Soft cosine distance between two vectors (Python)

I am wondering if there is a good way to calculate the soft cosine distance between two vectors of numbers. So far, I have seen solutions for sentences, which however did not help me, unfortunately.

Say I have two vectors like this:

a = [0,.25,.25,0,.5]
b = [.5,.0,.0,0.25,.25]

Now, I know that the features in the vectors exhibit some degree of similarity among them. This is described via:

s = [[0,.67,.25,0.78,.53]
     [.53,0,.33,0.25,.25]
     [.45,.33,0,0.25,.25]
     [.85,.04,.11,0,0.25]
     [.95,.33,.44,0.25,0]]

So a and b are 1x5 vectors, and s is a 5x5 matrix, describing how similar the features in a and b are.

Now, I would like to calculate the soft cosine distance between a and b, but accounting for between-feature similarity. I found this formula, which should calculate what I need: soft cosine formula

I already tried implementing it using numpy:

import numpy as np

soft_cosine = 1 - (np.dot(a,np.dot(s,b)) / (np.sqrt(np.dot(a,np.dot(s,b))) * np.sqrt(np.dot(a,np.dot(s,b)))))

It is supposed to produce a number between 0 and 1, with a higher number indicating a higher distance between a and b. However, I am running this on a larger dataframe with multiple vectors a and b, and for some it produces negative values. Clearly, I am doing something wrong.

Any help is greatly appreciated, and I am happy to clarify what need clarification!

Best, Johannes

1 answer

  • answered 2021-04-21 17:52 RandomGuy

    From what I see it may just be a formula error. Could you please try with mine ?

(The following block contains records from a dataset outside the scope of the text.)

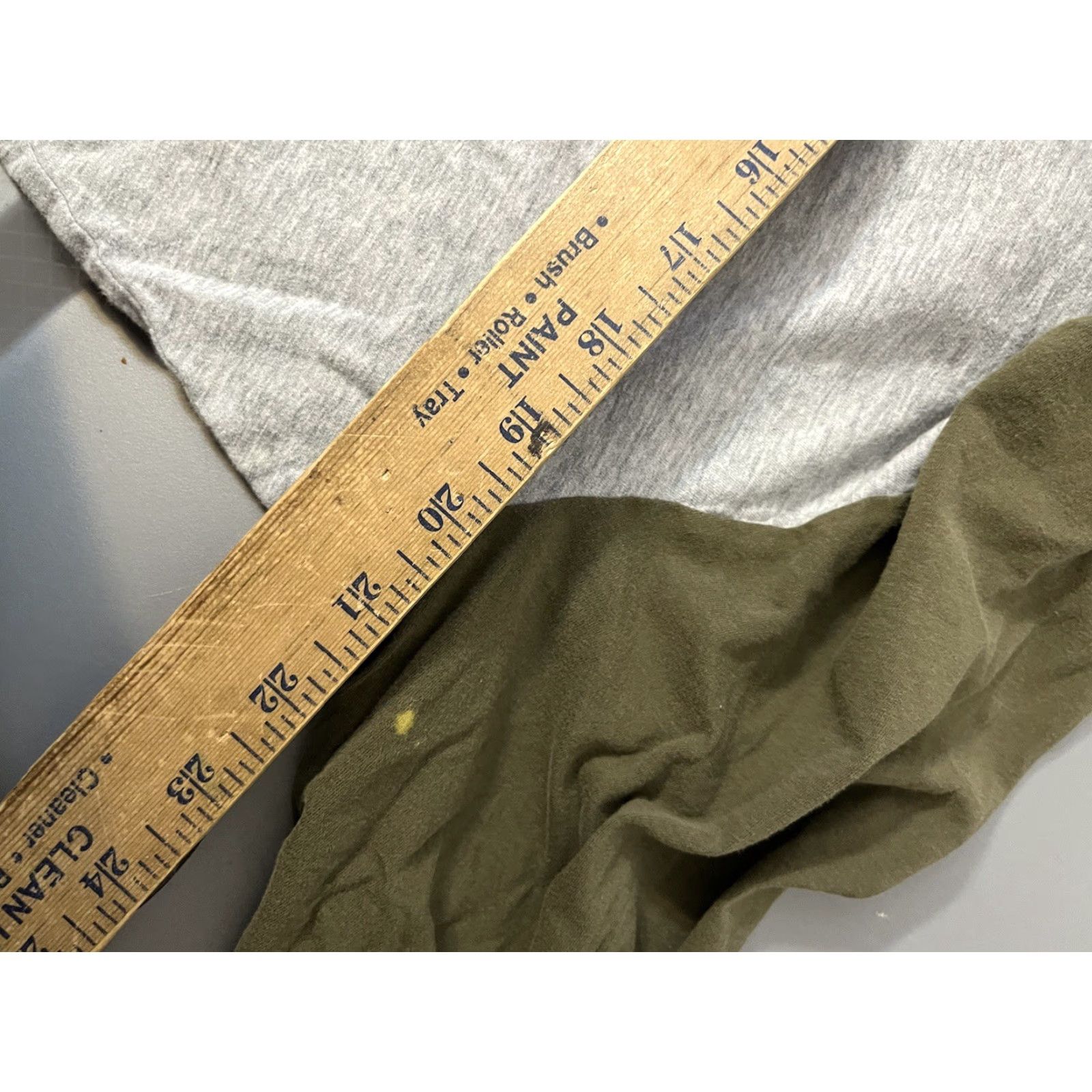 Express Express Jersey T Shirt Men Green Gray 3/4 Sleeve Size L Size US L / EU 52-54 / 3 - 5 Thumbnail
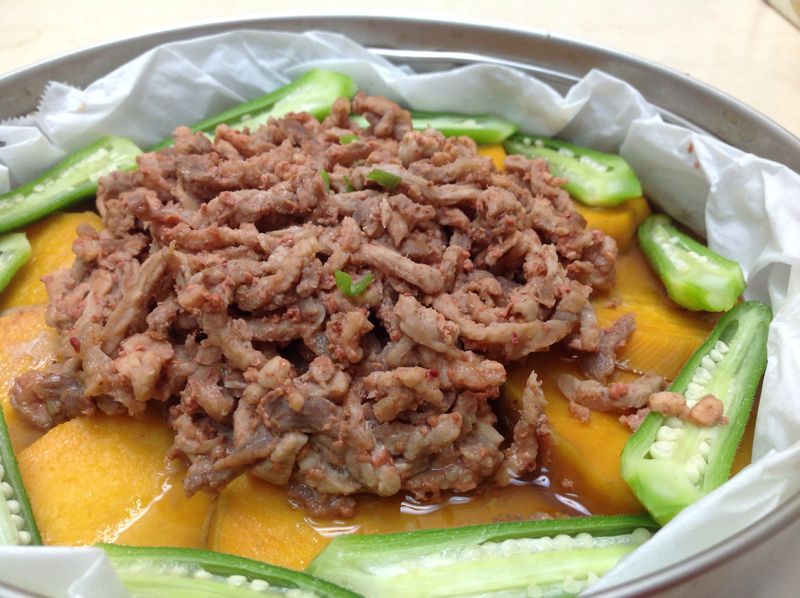 地瓜蒸紅糟肉絲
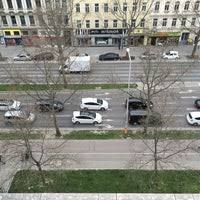 2020 verzeichneten alle bundesländer starken rückgang ihrer wirtschaftsleistung der einbruch reicht von 9,5 % in tirol bis 6 % im burgenland und in vorarlberg zur gesamten analyse. Bank Austria Office In Wien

    soft_cosine = a @ (s@b) / np.sqrt( (a @ (s@a) ) * (b @ (s@b) ) )
    

    I use the @ operator (which is a shorthand for np.matmul on ndarrays), as I find it cleaner to write : it's just matrix multiplication, no matter if 1D or 2D. It is a simple way to compute a dot product between two 1D arrays, with less code than the usual np.dot function.